# Shipping Boxes for Hats



## Mulletboy (Feb 5, 2010)

I am pretty sure I want to go with 12x12x12 size boxes for shipping. I just went to order some on Uline, and they were on sale for around .50 each. I figured I would start with 100. then I went to check out. The shipping was as much as the boxes!!!!!!!! Can you guys tell me how you ship a combination of shirts and hats, and where you get you shipping supplies from? Thanks in advance!


----------



## Rodney (Nov 3, 2004)

Mulletboy said:


> I am pretty sure I want to go with 12x12x12 size boxes for shipping. I just went to order some on Uline, and they were on sale for around .50 each. I figured I would start with 100. then I went to check out. The shipping was as much as the boxes!!!!!!!! Can you guys tell me how you ship a combination of shirts and hats, and where you get you shipping supplies from? Thanks in advance!
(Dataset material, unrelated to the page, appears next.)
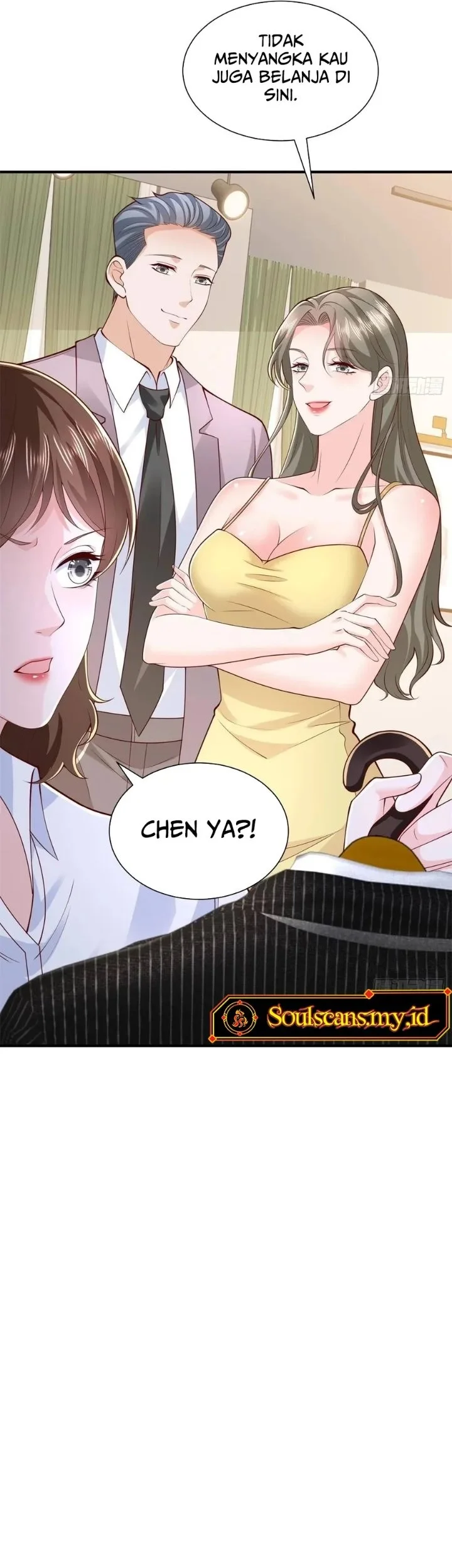 I Randomly Have A New Career Every Week Chapter 934 - halaman 9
If you're in the US and you use US Priority Mail, you can get free shipping boxes from the Post Office website. 

Seems like it would be an inexpensive way to ship hat orders of 1-5 pieces.


----------



## Mulletboy (Feb 5, 2010)

I appreciate the help Rodney. The only one on there I can see being close enough to the dimensions that I could probably get away with would be this one and I dont see anywhere on there where it says how much it would cost. I figure they arent going to give you boxes for free unless its a flat rate box right? And the next closest one (smaller) says its a flat 10.00 + a little change fee... That is way more than what I charge for shipping as I usually use polybags. And I dont have a way in my big cartel account to charge a different shipping fee if they order a hat, or at least not that I know of..... Hmmmm. Gonna go check that!


----------



## Mulletboy (Feb 5, 2010)

OK, they do have an option to charge a different shipping amount in Big Cartel! The only thing is, 11 or 12 bucks or 15 for shipping the hat seems steep, no?


----------



## SunEmbroidery (Oct 18, 2007)

I'm not sure if this is what you're asking but if I'm shipping a small number of shirts and hats I'll line the box with bubble wrap (one piece running vertically and one running horizontally), put the shirts in first, put the hats in a poly bag, put the hats on top of the shirts and fill the extra space with bubble wrap or used shirt bags. I use Uline for supplies although I agree the shipping rates are high. I order in bulk to help keep the cost down.


----------